When time marched on and the final novel never published I began to take a greater interest and searching for whatever I could find about her.  Actually my curiosity was piqued when that final novel went from being announced to publish, to being delayed and then finally cancelled.  There wasn’t much to find, even from her most devoted fan clubs.  Turns out there were numerous incorrect dates of birth given for her by her publisher over the years and she declined to say how old she was in some later interviews.  Finally, a columnist who remembered Lilian’s retirement from the Detroit News published an interview with her in 2005.

In that interview she gave her year of birth as 1913.  She was vague about other details.  All I can find is that she was born in Massachusetts,  lived until the mid 1980’s in Michigan (assuming 1986 or so when she was retired from the paper and back in the novel writing business) when she moved to North Carolina.  Her husband is mentioned often in the credits of her novels as being Earl Bettinger.  With a birthdate in hand (who knows if this one is anymore accurate than the others) I quickly found she was well into her fifties when she published her first best-selling book.  The time given for her retirement also fit with the standard retirement age of 65.  According to the interview she had a 29 year career at the Detroit News and retired from there before the publication of her 4th “Cat Who..” novel in 1986, 18 years after the third novel in the series published in 1968! She was 73.

The novels gushed onto the market in rapid succession, sometimes as many as 3 per year, until 1993 when the pace slowed to roughly one per year until 2007.  Now for the big mystery.  Is she still alive? What happened to that final novel that was announced but never published? Did she even write the last few novels in the series?

Some have speculated that the last few novels in the series were published by a ghost writer and perhaps Lilian had died sometime before they even released.  I’ve wondered if that is why she did the 2005 interview when she’d been much more evasive before that time, to dispel that kind of speculation at that time.  Then I’ve wondered why there wasn’t more information after that? If her name and career path were known it seems someone else could have done a little investigating and learned a bit more about her life in Michigan and subsequent move to North Carolina, etc. There is nothing more to be found past that 2005 interview.

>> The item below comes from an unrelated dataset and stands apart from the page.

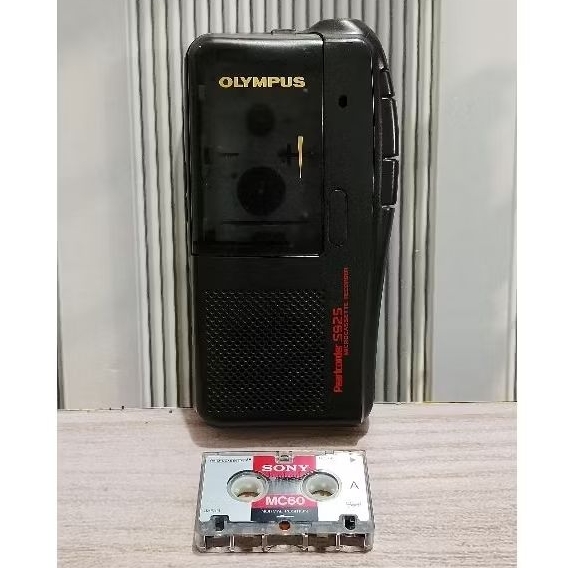Micro Cassette Corder OLYMPUS S925 Mini Tape Recorder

Some have noted discrepancies in some of the details about the characters in the later novels, mistakes the original author would be unlikely to make.  Personally, I’ve noticed a difference in style, and a personality change in some of the characters in comparing them to earlier novels.  In reading some of the brief interviews that were done with Lilian she says she loved the characters and kept no notes about them as she went so maybe she did simply make a mistake with the details.  But what about the personalities of them?  I don’t think that is a mistake she would make.

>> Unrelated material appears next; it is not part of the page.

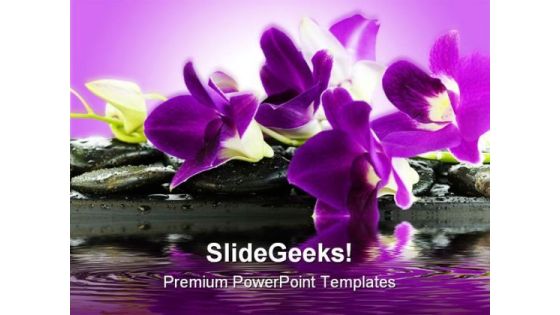 Orchid Reflection Nature PowerPoint Template 0610 Orchid Reflection Nature PowerPoint Template 0610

Anyway, it is a needling little dilemma.  Certainly not a big deal in the grand scheme of things but irritating.  I think it is sad that the series ended on such a sour note.  Earlier, Lilian said she’d been approached to bring the novels to the screen and she said she didn’t want to allow that because she was still writing and didn’t want to be influenced by the on-screen depictions of her characters.  She said they would never go to any screen while she was still writing.  How strange that she was that protective of the series and yet it has declined and faded away with so many unanswered questions for fans.

The final irony is throughout the series it is mentioned repeatedly that the main character, Jim Qwilleran, is bothered to distraction by unanswered questions.  The series ends with no ending, dozens of unanswered questions and at least in my case, fans who feel slighted by such a flimsy final chapter.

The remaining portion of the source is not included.